Dus, secara tata-cara alam, manusia sebenarnya makhluk yang sudah tumbuh menjadi sempurna. Dalam perjalanannya manusia berangkat sebagai makhluk sempurna untuk menjadi manusia sempurna, yaitu manusia yang mampu menjadikan dirinya “AIU”. Hanya manusia sempurnalah yang dapat kembali kepada Yang Maha Sempurna, yaitu Tuhan Yang Maha Esa.
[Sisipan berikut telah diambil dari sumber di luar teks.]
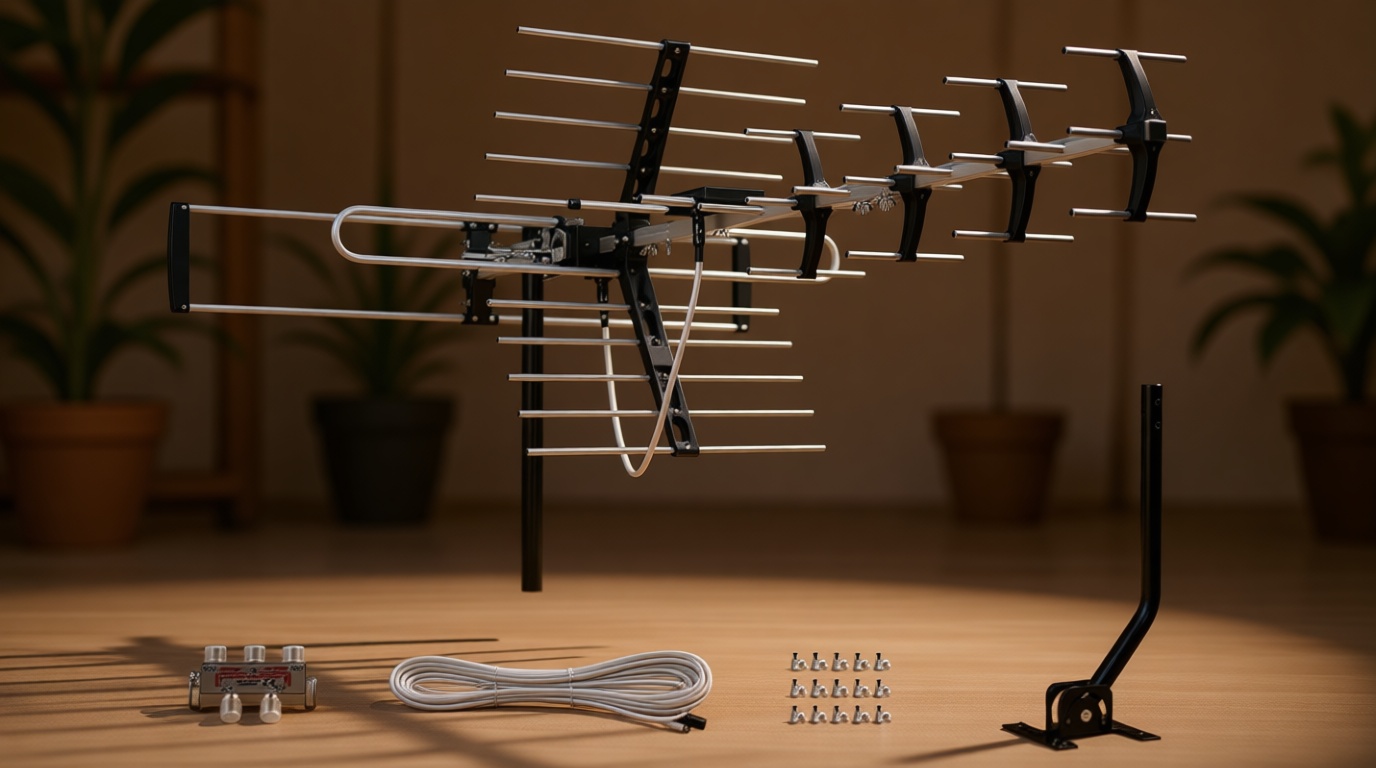 Five Star Outdoor HDTV Antenna up to 200 Mile Long Range, Attic or Roof Mount, Digital OTA Antenna for 4K 1080P VHF UHF Supports 4 TVs Installation Kit & J Mount, ATSC 3.0 Ready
Dalam bahasa Alquran disebutkan bahwa manusia itu diciptakan dalam ujud (bukan wujud) yang terbaik daripada sebagian besar makhluk-Nya.
Keempat, manusia tidak sama dengan hewan. Bila hewan mati, maka ia tidak meninggalkan apa-apa –kecuali bangkai– kepada generasi berikutnya. Manusia memiliki nilai. Karena itu, manusia ingin mewariskan nilai itu kepada generasi berikutnya. Nah, nilai itu dapat berupa hal yang material maupun yang imaterial. Yang imaterial adalah ajaran-ajaran tentang budi luhur. Sedangkan yang material adalah harta benda yang dalam ayat di atas disebut karunia Tuhan yang ditinggalkan kepada generasi berikutnya.
Kecaman pedas ditujukan kepada orang yang landasan hidupnya hanya berupa material. Banyak orang yang berpikiran bahwa harta benda dapat menyelamatkan dirinya. Ternyata, harta benda itu terpaksa ditinggalkan ketika mereka mengalami kematian. Apa yang dirasakan sebagai syafaat atau penolong dalam hidup sebelumnya, ternyata telah putus. Lenyap. Tidak lagi berfungsi seperti sebelumnya. Mengapa? Sebab, bilamana pada masa hidup sebelumnya kaya dan hanya mengandalkan kekayaannya untuk kelangsungan hidupnya, maka boleh jadi ia sekarang hidup dalam kondisi yang sebaliknya yaitu menderita kemiskinan.